Следующий пушкинский мотив — «метель» — связывает весь роман и его стихотворный и прозаический тексты сквозной мелодией, заданной строками «Зимней ночи»: «Мело, мело по всей земле…» «Метель» соединяет судьбы всех героев романа, образуя «судьбы скрещенья». В то же время метель и снег выступают в «Докторе Живаго» как символы сказочной «мертвой воды», связанной с темой «выстрела» (ср. в «Зимней ночи»: «Метель лепила на стекле / Кружки и стрелы»), и в образной системе произведения они противопоставлены «воде живой» — грозе, ливню, волнам, образующим круговорот жизни (см. [Франк 1990]).
С «метели», обвивающей землю «погребальными пеленами», начинается роман «Доктор Живаго», когда хоронят мать Юры. Эта же «ткань» проходит и сквозь жизнь Тони, первой жены Живаго, которая в ночь Рождества обвивается белой тюлевой занавеской, похожей на подвенечную фату, а затем в эту же ночь Лара стреляет в Комаровского и умирает мать Тони — Анна Ивановна. После революции в ночь отъезда из Москвы Тони и Живаго также поднимается снежная буря: «Ветер взметал вверх к поднебесью серые тучи вертящихся снежинок, которые белым вихрем возвращались на землю, улетали в глубину темной улицы и устилали ее снежной пеленою» (часть 7, гл. 5). И Тоне вся жизнь представляется черно-белой, как те материи, которые она дарит женщине, оставшейся смотреть за домом в Москве. «Метель» — тема смерти и расставания — приобретает в романе символическое значение, и, как в пушкинской метели, «над общими, присущими литературному стилю значениями слова воздвигается множественность смыслов слова, зависящих от многообразия контекстов его индивидуального употребления, от разнообразных субъектных приспособлений слова» [Виноградов 1941: 88–89]. И как в «Метели» Пушкина, в «Докторе Живаго» образуется «многообразие значений одного клубка образов, которые, как симфоническая тема, а иногда как лейтмотив, связывают части повествовательной конструкции» [там же: 455]. Становится очевидным, что и симфонический «Кубок метелей» А. Белого как произведение построенное на мифологической основе, и поэма А Блока «Двенадцать» берут свое начало в той же пушкинской «Метели». И все «лексические тона» (Ю. Тынянов) слова метель у Блока и Белого также наполняют роман Пастернака, наряду с «Метелью» Б. Пильняка, связывающей метельную Россию то со стихотворением «Бесы» Пушкина, то с Георгием Победоносцем, мчащимся по ней.

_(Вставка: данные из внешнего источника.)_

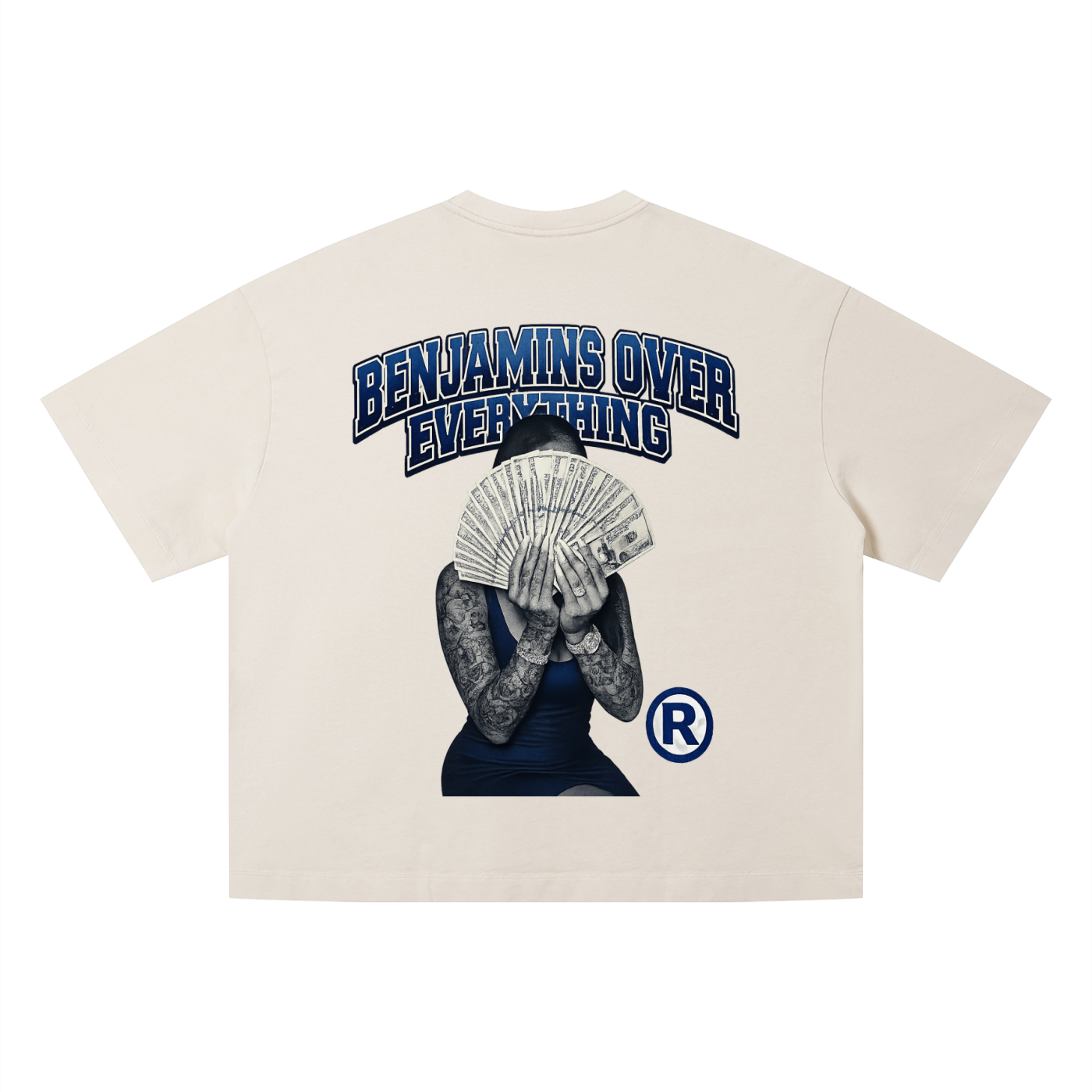 Unisex Vintage Wash Boxy T-Shirt
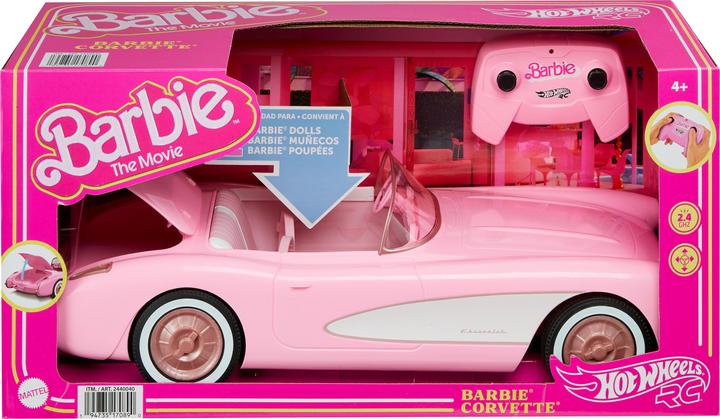 Actual product image Hot Wheels R/C Barbie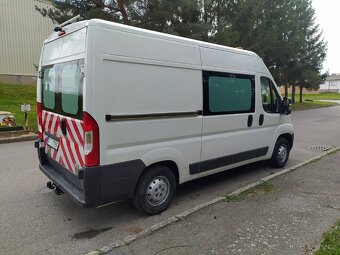 Pojízdná dílna s vestavbou Peugeot Boxer L2H2 - 4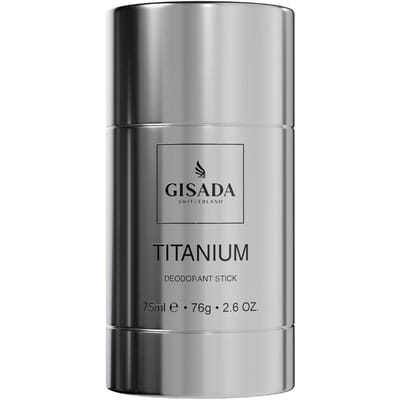Gisada Deodorant Stick Gisada - Titanium Deodorant Stick  - 75 ML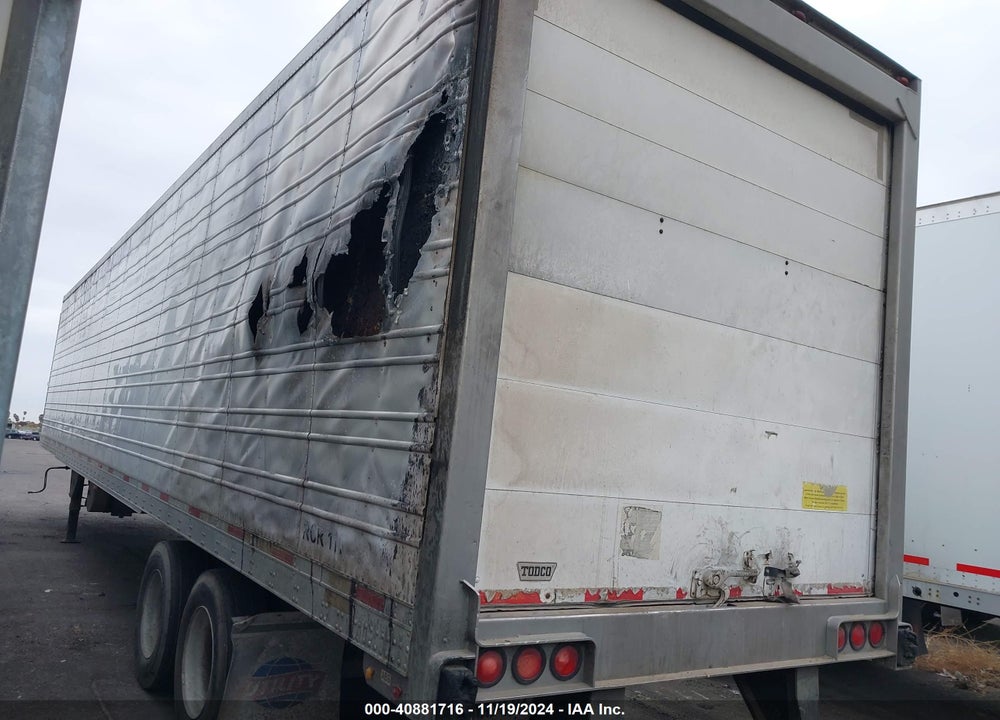 2014 UTILITY TRAILER MFG TRAILER VIN: 1UYVS2484EU049411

Я не буду специально останавливаться на том, что в романе «Доктор Живаго» еще одна тема, подобно лейтмотивам «выстрела» и «метели», появляется в композиционно-кульминационных точках романа, — тема «Гробовщика» Пушкина, разворачивающая обратные связи к «Водопаду» Г. Державина, откуда взят пушкинский эпиграф к повести (см. об этом [Фатеева 2000: 188–197]).

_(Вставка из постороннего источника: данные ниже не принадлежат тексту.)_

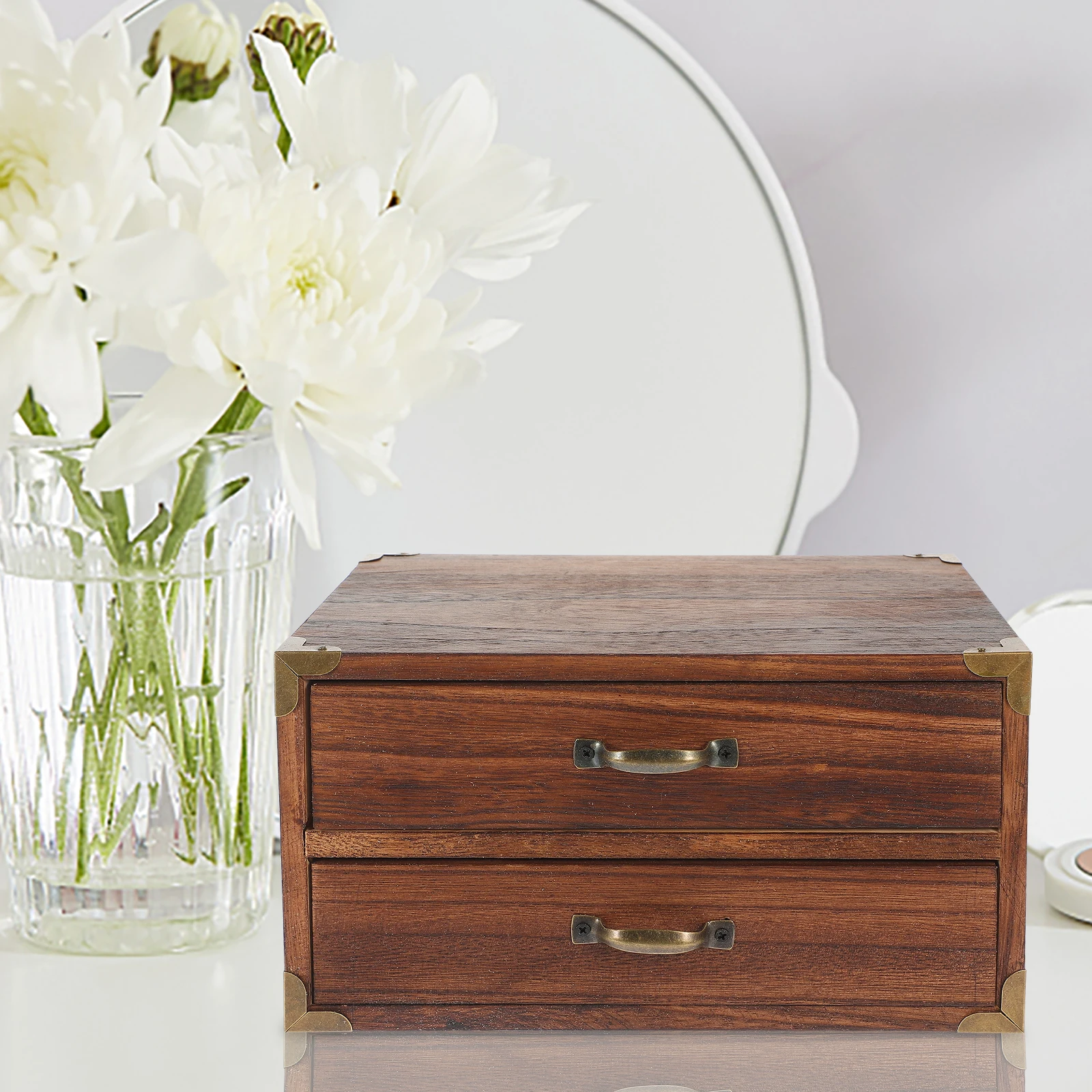 

Drawer Storage Cabinet Boxes Office Desk Organizer Drawers Organizers Decorate Desktop Stationery
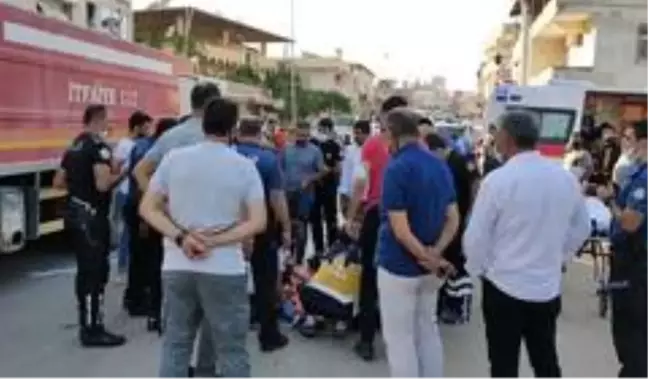Motosikletli yunus polisler kaza yaptı: 2 yaralı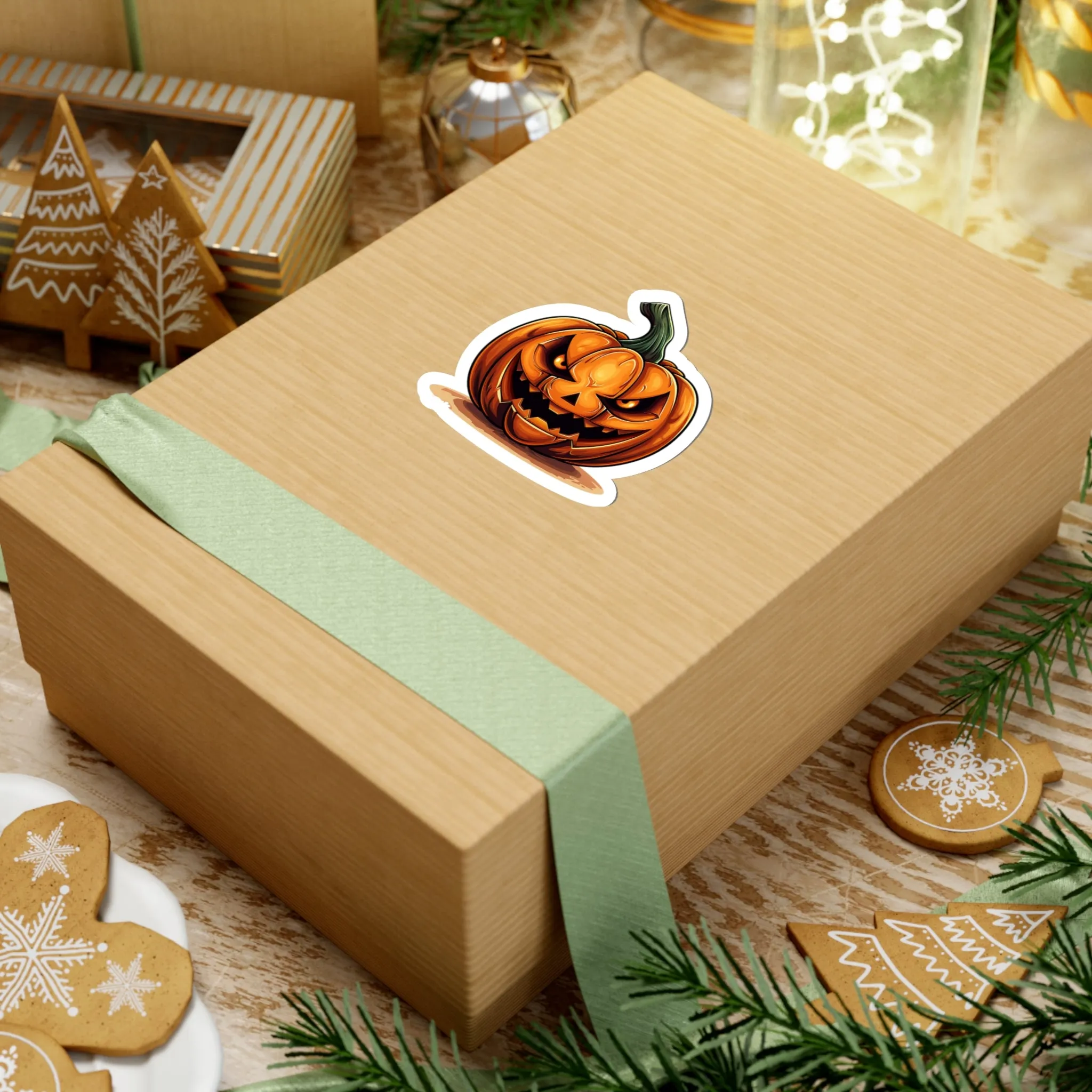Halloween Special: Jack O Lantern Sticker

Закончить же этот раздел я хочу на вечной поэтической теме любви. Лейтмотивом ее в романе служат строки А. Блока «Дитя, нам горестно и больно / Всходить по лестнице любви» («В своих мы прихотях невольны…», 1917). «Лестница любви», как и многие другие символические предметы, связывает прежде всего Юрия Живаго и Лару. И во всей истории их любви чугунная лестница с литыми, с узором, ступенями будет играть символическую роль, причем квартира Лары в Юрятине расположена на «верхней площадке», и Живаго всегда с радостью поднимается по лестнице вверх. В связи с этим знаменателен (с обратным знаком) эпизод после возвращения Живаго с фронта в дом Громеко, когда Юра говорит Тоне о том, что если они по полчаса будут стоять на каждой ступеньке, то они «никогда не доберутся доверху» (часть 6, гл. 2). Так, видимо, и их любовь никогда не достигла той высшей точки совместности, которая отличала отношения Лары и Живаго (см. подробнее следующий раздел 3.5).
Итак, мы видим, что язык романа Пастернака ничем не уступает стихотворному, поскольку у прозы и поэзии один и тот источник образности — это язык, который под пером художника слова обнажает все свои смысловые тонкости. При этом, как писал Е. Фарыно [Фарыно 1989: 20], для Пастернака нет дуализма слова и реальности, так как «поэтическое мышление („образ“) тождественно с сущностью реальности».